→ **Task item**: Look below for the line that contains "The Canyon Coolers", then copy it and each following line to the end of the records, minus any pictures.

::::::::

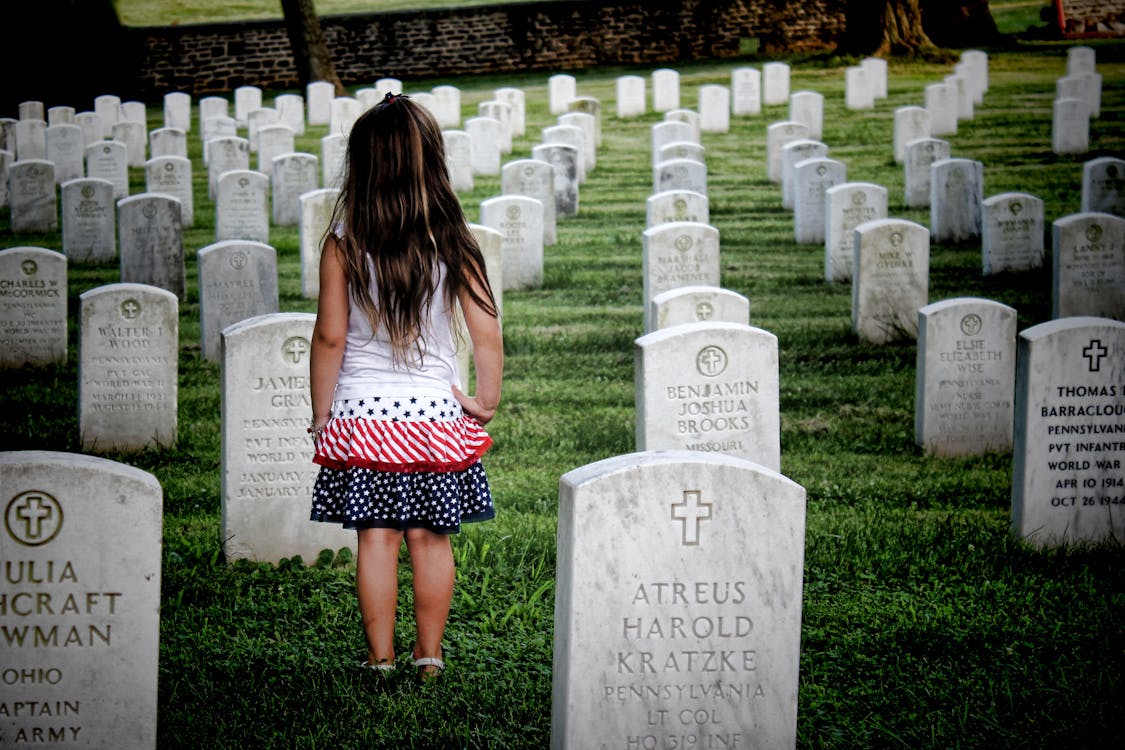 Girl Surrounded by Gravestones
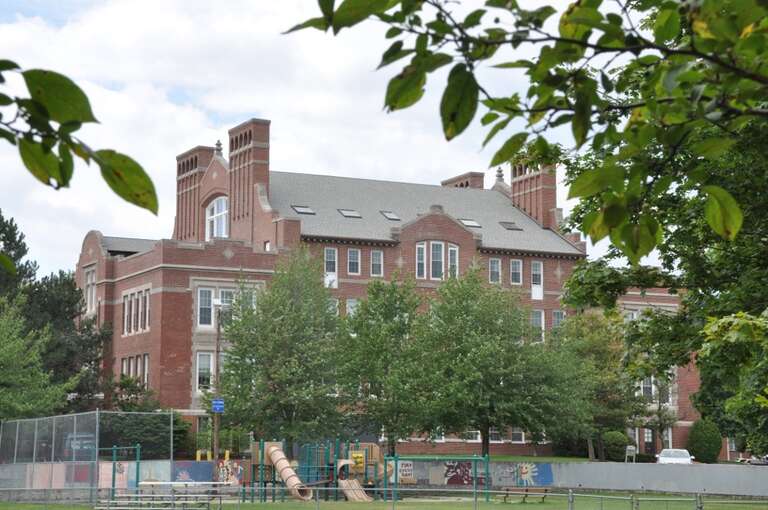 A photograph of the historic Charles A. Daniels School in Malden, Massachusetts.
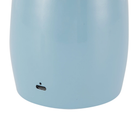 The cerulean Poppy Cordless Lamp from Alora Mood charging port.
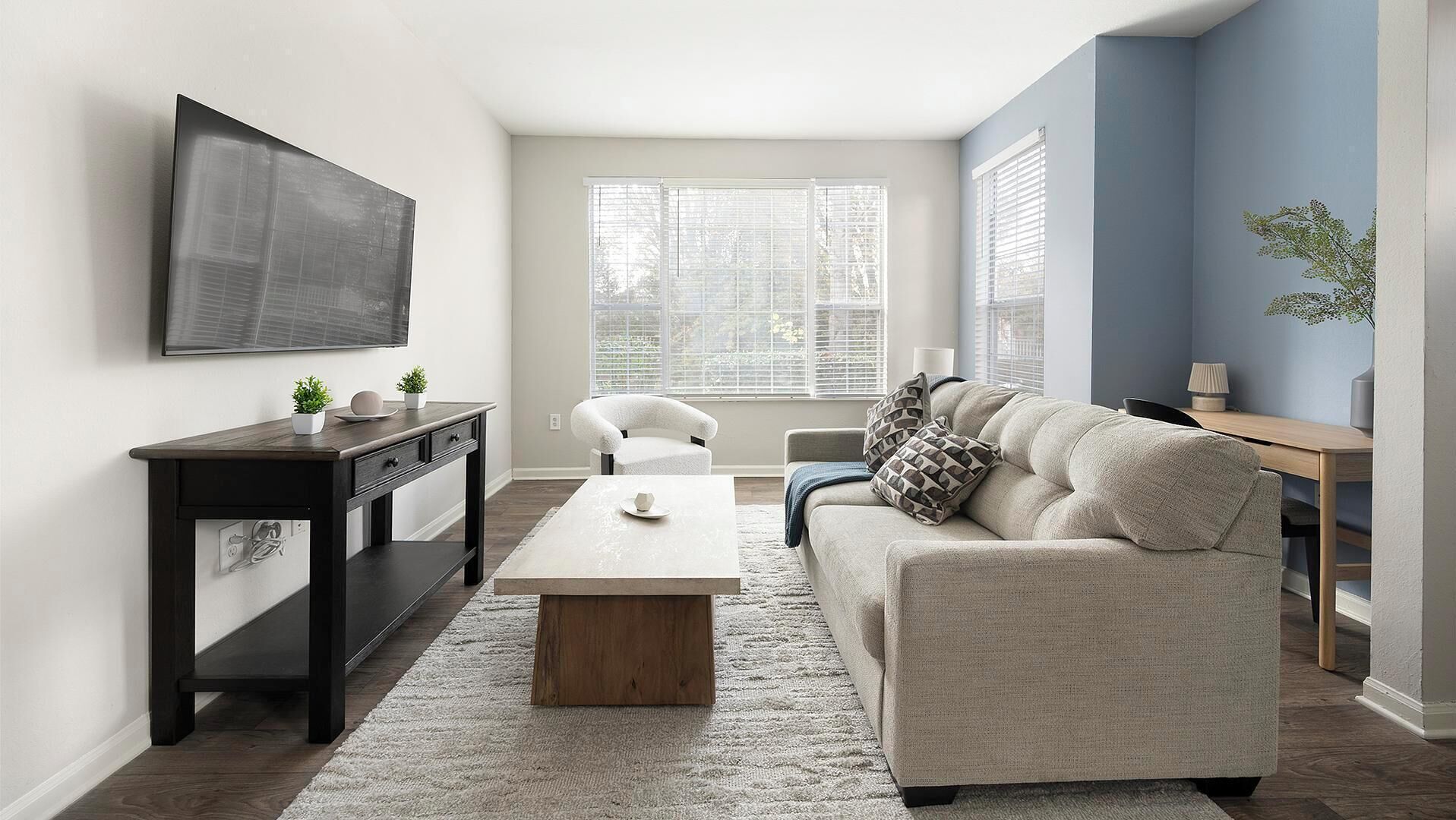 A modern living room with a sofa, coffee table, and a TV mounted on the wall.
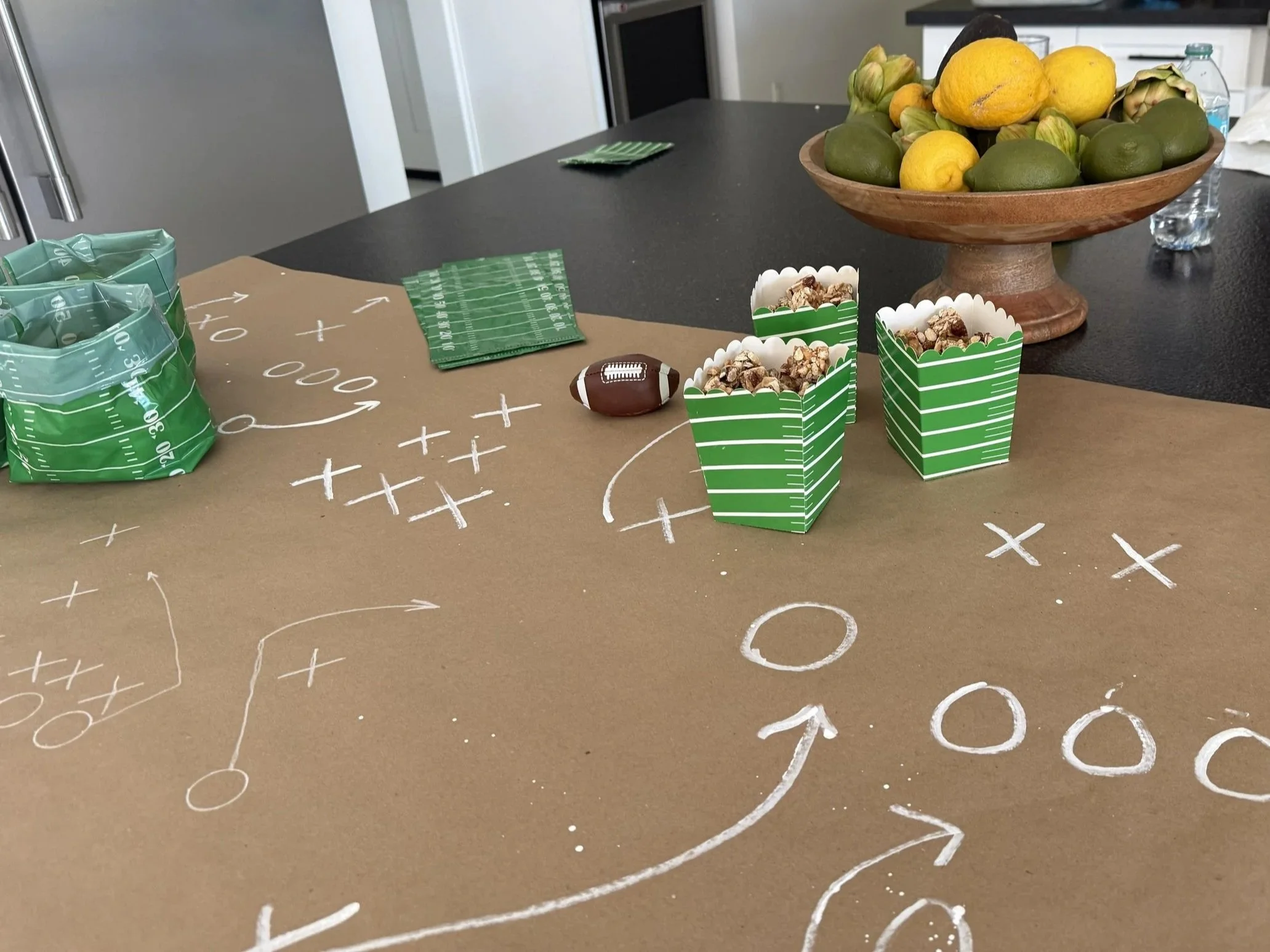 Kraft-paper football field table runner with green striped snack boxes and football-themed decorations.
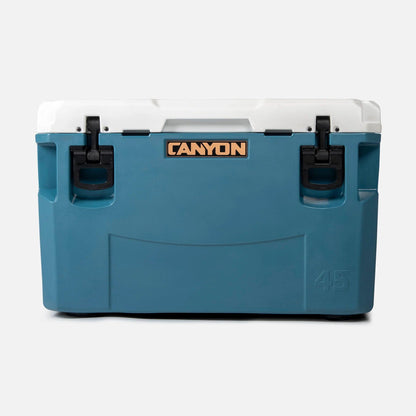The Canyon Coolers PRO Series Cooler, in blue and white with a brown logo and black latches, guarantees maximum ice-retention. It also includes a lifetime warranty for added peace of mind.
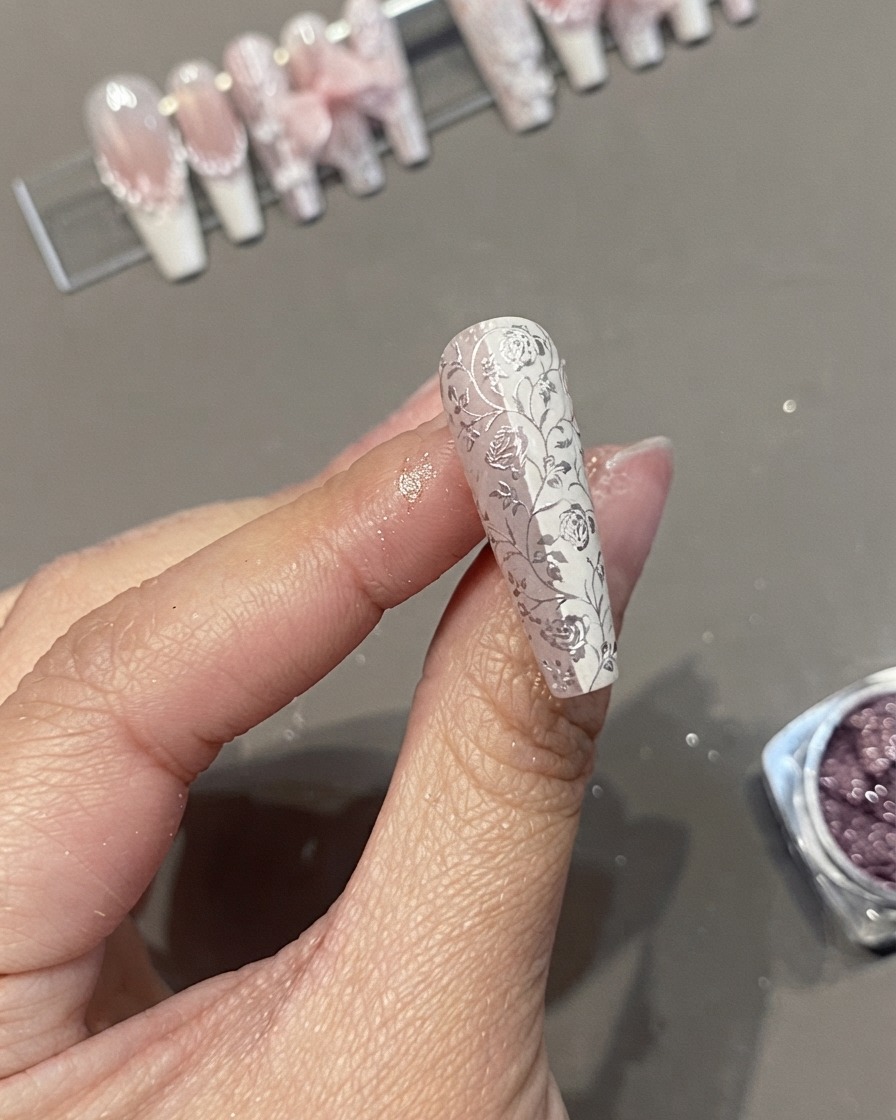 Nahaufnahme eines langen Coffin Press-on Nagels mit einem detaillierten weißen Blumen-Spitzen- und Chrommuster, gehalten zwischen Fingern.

::::::::

→ **Output for this task**:
The Canyon Coolers PRO Series Cooler, in blue and white with a brown logo and black latches, guarantees maximum ice-retention. It also includes a lifetime warranty for added peace of mind.
 Nahaufnahme eines langen Coffin Press-on Nagels mit einem detaillierten weißen Blumen-Spitzen- und Chrommuster, gehalten zwischen Fingern.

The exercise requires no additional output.